Work task ▸ Among the entries below, how many lines have the word "Yellow"? Answer only with the number.

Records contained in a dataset
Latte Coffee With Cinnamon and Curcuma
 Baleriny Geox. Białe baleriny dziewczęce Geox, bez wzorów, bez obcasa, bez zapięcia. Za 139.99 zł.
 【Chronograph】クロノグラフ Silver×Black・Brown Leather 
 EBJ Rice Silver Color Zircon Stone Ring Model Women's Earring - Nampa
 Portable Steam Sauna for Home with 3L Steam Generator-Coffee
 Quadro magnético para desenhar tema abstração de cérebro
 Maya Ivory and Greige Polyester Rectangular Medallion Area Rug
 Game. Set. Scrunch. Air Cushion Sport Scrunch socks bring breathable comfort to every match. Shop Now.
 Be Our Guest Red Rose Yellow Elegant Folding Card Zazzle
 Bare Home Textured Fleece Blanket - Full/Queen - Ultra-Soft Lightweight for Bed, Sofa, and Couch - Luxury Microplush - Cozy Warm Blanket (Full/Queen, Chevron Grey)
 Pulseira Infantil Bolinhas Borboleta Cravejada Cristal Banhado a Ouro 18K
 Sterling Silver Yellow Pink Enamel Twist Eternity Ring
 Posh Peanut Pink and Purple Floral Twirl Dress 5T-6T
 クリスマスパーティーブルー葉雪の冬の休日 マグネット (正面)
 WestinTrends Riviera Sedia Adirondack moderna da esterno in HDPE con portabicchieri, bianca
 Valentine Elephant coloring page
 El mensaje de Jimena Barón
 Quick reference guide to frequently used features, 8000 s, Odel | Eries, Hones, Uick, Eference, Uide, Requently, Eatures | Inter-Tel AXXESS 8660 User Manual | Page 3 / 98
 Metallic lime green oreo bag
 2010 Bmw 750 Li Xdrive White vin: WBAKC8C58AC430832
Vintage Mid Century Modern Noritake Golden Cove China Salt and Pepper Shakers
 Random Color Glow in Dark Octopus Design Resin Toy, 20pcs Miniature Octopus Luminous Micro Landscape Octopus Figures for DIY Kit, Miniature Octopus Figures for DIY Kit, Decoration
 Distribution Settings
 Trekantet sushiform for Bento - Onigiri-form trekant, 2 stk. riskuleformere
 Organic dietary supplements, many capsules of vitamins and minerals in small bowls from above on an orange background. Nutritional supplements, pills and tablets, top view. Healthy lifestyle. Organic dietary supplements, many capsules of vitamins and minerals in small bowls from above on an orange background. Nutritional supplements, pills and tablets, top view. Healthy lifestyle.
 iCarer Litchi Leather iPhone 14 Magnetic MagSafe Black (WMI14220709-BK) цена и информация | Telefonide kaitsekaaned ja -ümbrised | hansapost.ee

The completed task ▸ 2